= What is required =
From the data, copy out every line in which the word "Used" appears.

[[ Provided records, beginning ]]

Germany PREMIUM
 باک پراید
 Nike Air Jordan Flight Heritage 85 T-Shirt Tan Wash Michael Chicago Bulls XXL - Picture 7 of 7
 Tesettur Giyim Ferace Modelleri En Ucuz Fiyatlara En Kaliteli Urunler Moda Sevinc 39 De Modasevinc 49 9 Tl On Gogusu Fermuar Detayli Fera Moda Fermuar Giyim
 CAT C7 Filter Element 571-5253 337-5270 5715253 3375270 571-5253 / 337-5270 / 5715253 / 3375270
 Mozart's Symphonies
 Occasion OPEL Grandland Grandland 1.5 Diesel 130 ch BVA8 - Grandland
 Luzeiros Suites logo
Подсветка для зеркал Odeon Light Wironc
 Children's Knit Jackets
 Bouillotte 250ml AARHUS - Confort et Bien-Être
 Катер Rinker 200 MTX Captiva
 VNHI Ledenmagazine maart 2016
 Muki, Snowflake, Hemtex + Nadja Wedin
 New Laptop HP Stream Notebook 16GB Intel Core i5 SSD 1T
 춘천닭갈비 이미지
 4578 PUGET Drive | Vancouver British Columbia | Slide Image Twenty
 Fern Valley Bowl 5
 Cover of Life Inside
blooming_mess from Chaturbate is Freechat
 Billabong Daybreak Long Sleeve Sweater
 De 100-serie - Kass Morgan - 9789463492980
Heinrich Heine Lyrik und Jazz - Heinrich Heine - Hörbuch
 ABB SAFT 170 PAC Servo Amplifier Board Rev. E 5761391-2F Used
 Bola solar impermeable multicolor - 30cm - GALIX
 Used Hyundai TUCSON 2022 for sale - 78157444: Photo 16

[[ Provided records, end ]]

= Response to this task =
 ABB SAFT 170 PAC Servo Amplifier Board Rev. E 5761391-2F Used
 Used Hyundai TUCSON 2022 for sale - 78157444: Photo 16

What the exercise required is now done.